To minimize costs for bidders, we wrote a gas-optimized library to verify balance proofs on-chain that builds on contractswritten by the Aragon team (who pioneered on-chain storage proofs in 2018), and Hamdi Allam’s contracts for on-chain RLP decoding. Our library uses a number of low-level tricks and optimizations that rely on the particular structure of the state trie, so it cannot be used for generic Merkle-Patricia trie proofs. In return, it allows the SneakyAuction contract to verify the past balance of a vault in less than 30,000 gas.

We also wrote a lightweight JavaScript wrapper for the eth_getProof RPC method. Given an address and block number, it returns the balance proof and RLP-serialized block header, which can be used to reveal a bid.

How it compares

Let’s compare our new SneakyAuction approach against the OverCollateralizedAuction design we last released, along several key dimensions that technical designers or users care about: gas costs, user experience, and privacy.

Gas costs

SneakyAuction’s revealBid, endAuction, and withdrawCollateral functions require deploying a SneakyVault, so they are more expensive than their OverCollateralizedAuction counterparts. revealBid is particularly expensive because it also verifies a balance proof, which costs about 25,000 gas.

OverCollateralizedAuction SneakyAuction
createAuction 132,625 112,296
commitBid 46,120 21,000 (cost of an ETH transfer)
revealBid 33,728 135,741
endAuction 57,652 87,340
withdrawCollateral 30,426 65,825

Approximate gas costs of different operations, based on Foundry unit tests

User experience

Although the two implementations follow a similar overall flow (bidding phase, reveal phase, auction ends), there are some differences in user experience. SneakyAuction has a few minor disadvantages:

  • The experience of sending ETH to an undeployed vault, though it could be abstracted away by the front-end, is potentially confusing for users who examine their bid transaction on a block explorer.
  • With OverCollateralizedAuction, it’s possible to end the auction early if all bids have been revealed.
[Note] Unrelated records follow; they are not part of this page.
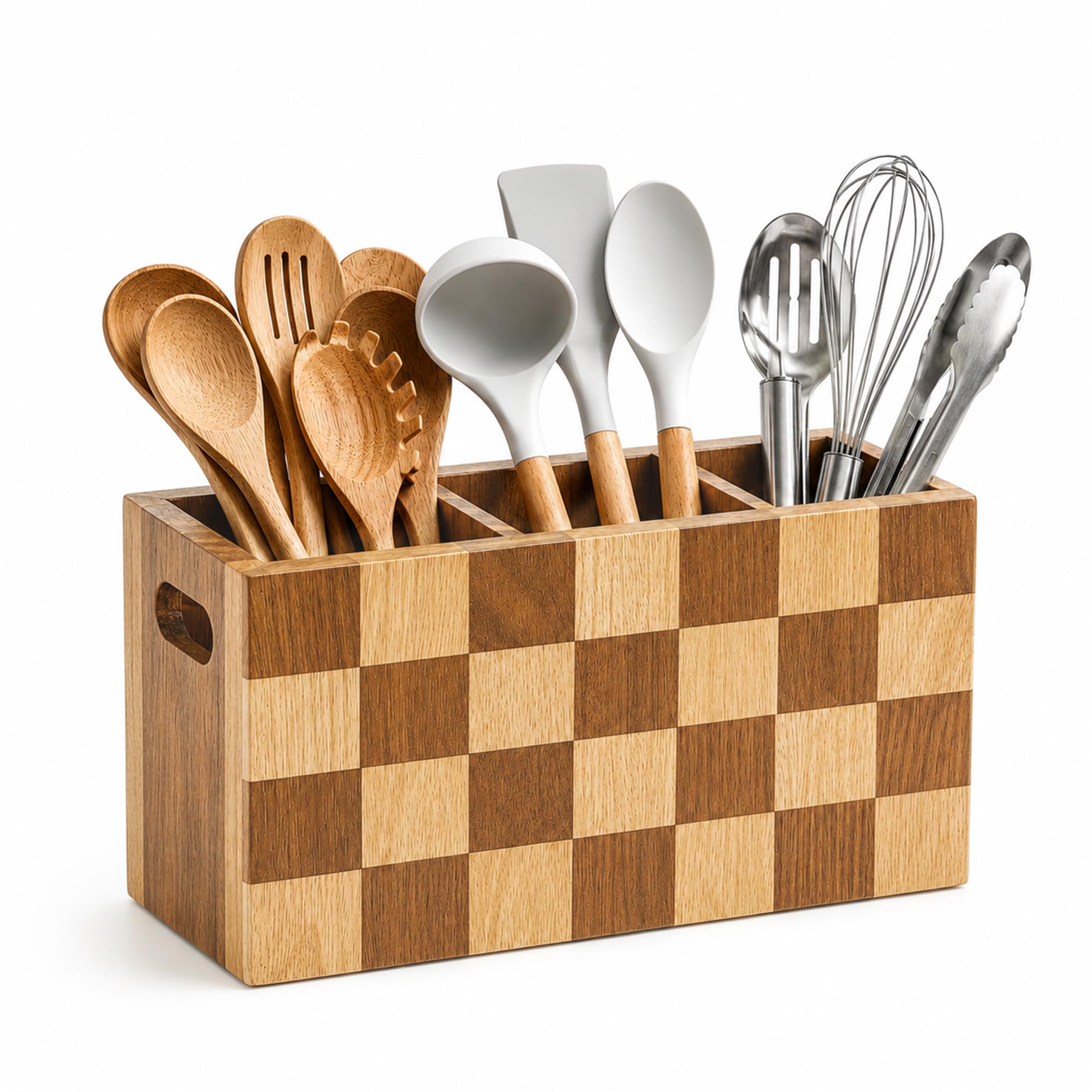 Fyctio Kitchen Utensil Holder, 3 Compartment Large Wooden Utensil Organizer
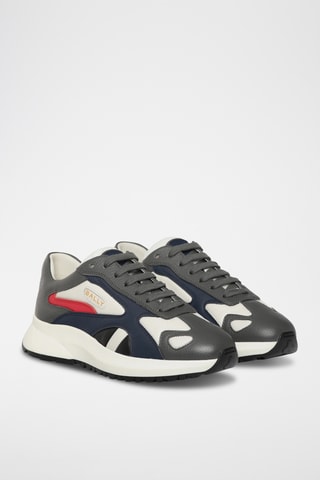 Zapatillas de piel - Gris y azul marino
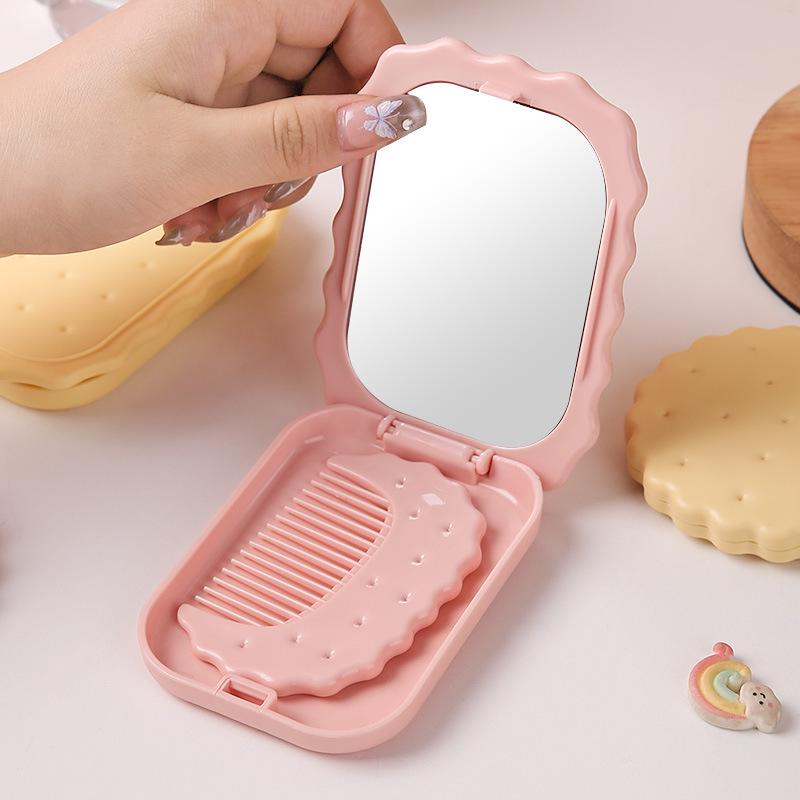 Chocolate Biscuit Folding Makeup Mirror Set - Portable Mini Round Beauty Mirror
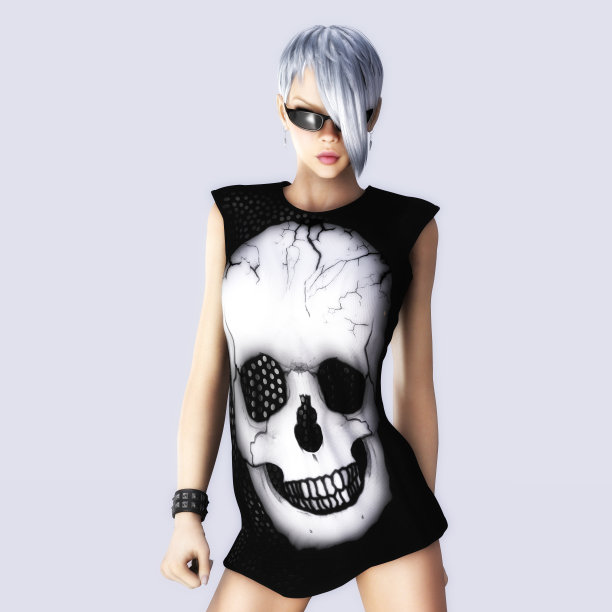 数字3D插图的一个有吸引力的女性图片下载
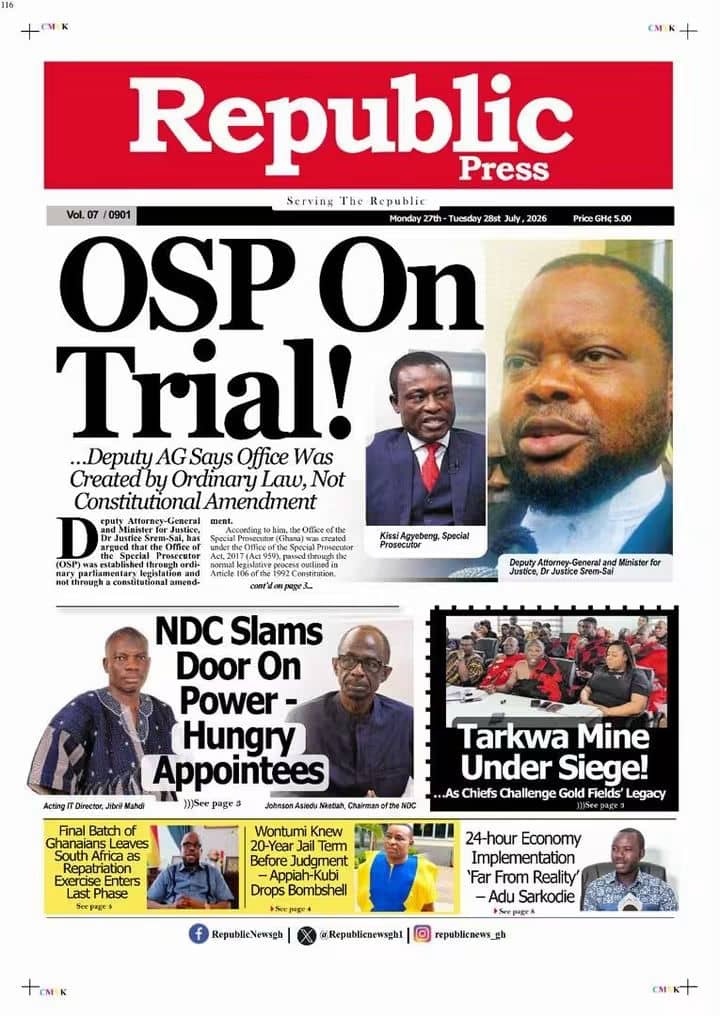Newspaper Headlines Monday - 27/07/26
This is not possible in SneakyAuction because the contract has no way of knowing how many bids have been committed.
  • Bidders can update their bid and top up their collateral with OverCollateralizedAuction by calling commitBid again. In SneakyAuction, bidders can’t make updates once the bid’s vault has been collateralized.


The bid privacy of OverCollateralizedAuction relies on bidders choosing to lock up extra collateral (so onlookers know an upper bound of a bid but not the exact amount). SneakyAuction, on the other hand, derives privacy from on-chain activity that’s completely unrelated to the auction itself: ETH transfers that happen during the auction’s bidding period.
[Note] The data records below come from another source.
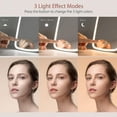 thumbnail image 1 of Rechargeable Travel Lighted Makeup Mirror, Rechargeable Desk Vanity Mirror, Touch Screen, Brightness Adjustable, Portable Compact Cosmetic Mirror for Women, White, 1 of 8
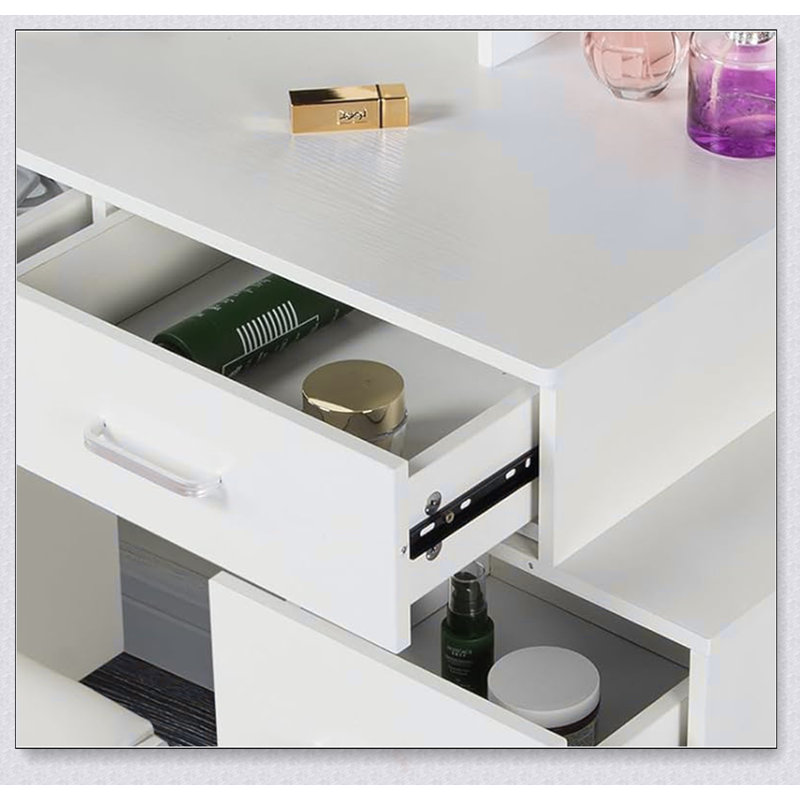 Adjustable White Dressing Table With 5 Drawers And Multi-Light LED Mirror For Organized Storage And Perfect Illumination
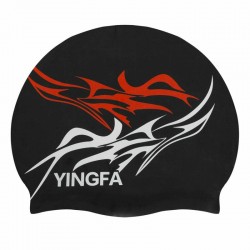 Шапочка для плавання силіконова для дорослих Yingfa чорний-червоний, код: C0091_BKR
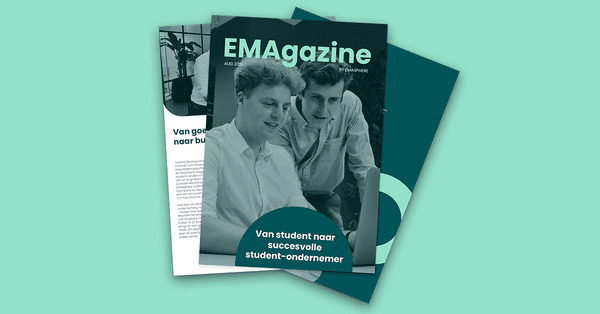 EMAgazine cover met student-ondernemers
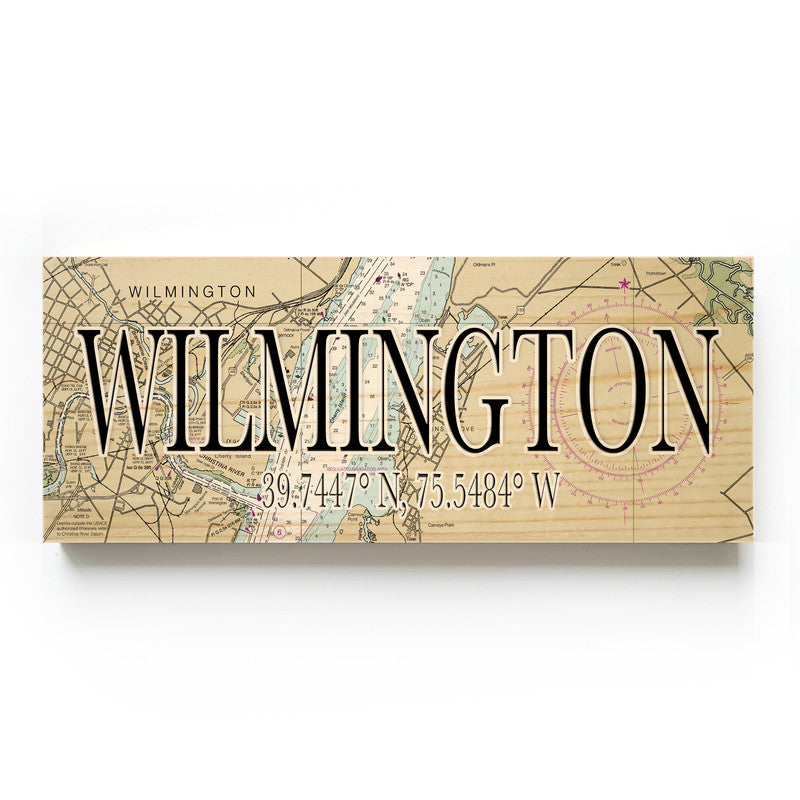 Wilmington North Carolina 3x9 Wood Coordinate Wall Hanging Map Sign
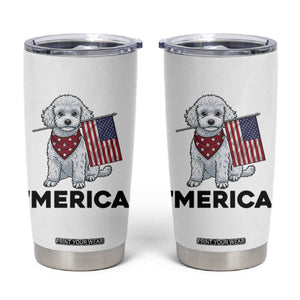 Merica Poodle Mom Dad Patriotic Gift Tumbler Cup 4th Of July Pride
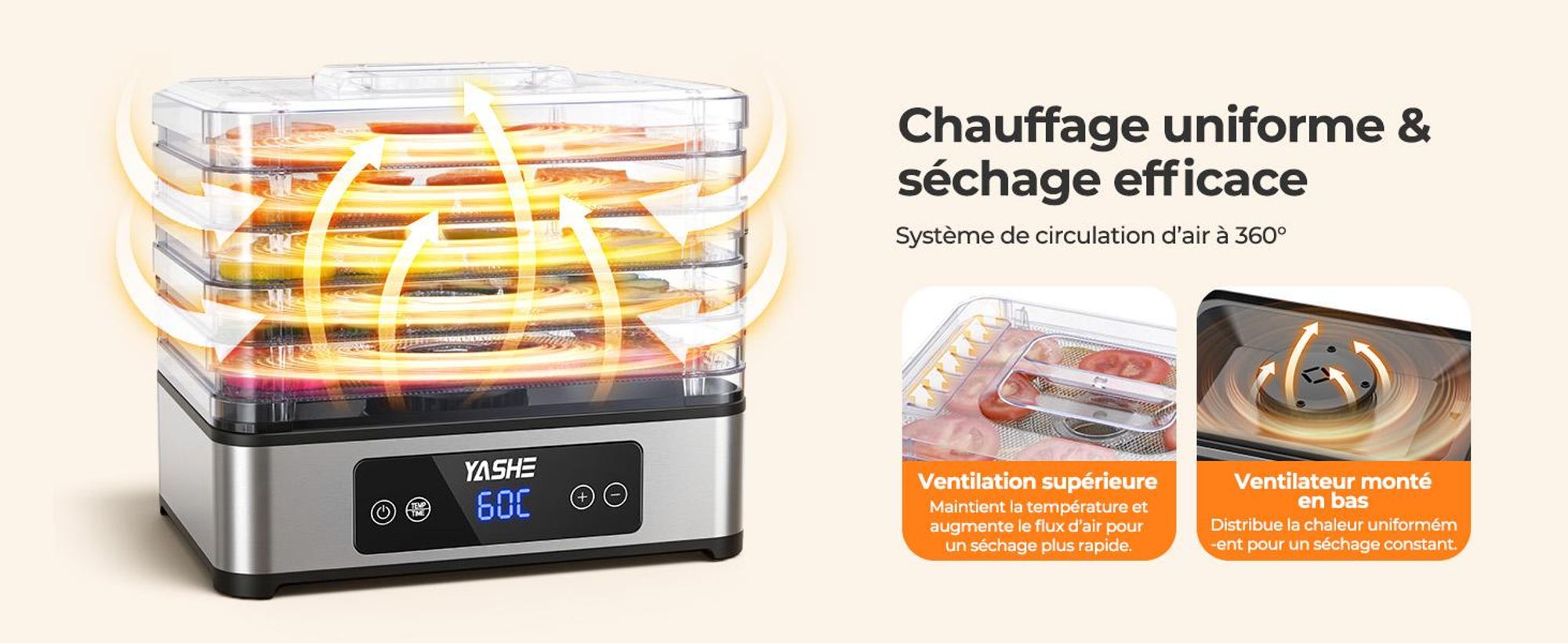 Déshydrateur YASHE FD-1019 5 grilles inox, 400 W, 35–70 °C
For simplicity, let’s assume that each bid is collateralized using a single ETH transfer. We observe that:

  1. The collateralization transaction should be the first time anyone has interacted with the vault address on-chain.
  2. We don’t expect any other transactions to touch the vault address for the rest of the bidding period.
  3. No transactions can originate from the vault address (because no one has the private key).

ETH transfers during the bidding period to otherwise “untouched” addresses are plausibly bids — in other words, they are the “noise” that hides bid transactions. To help quantify the privacy of SneakyAuction, we can look at the shape of this noise distribution.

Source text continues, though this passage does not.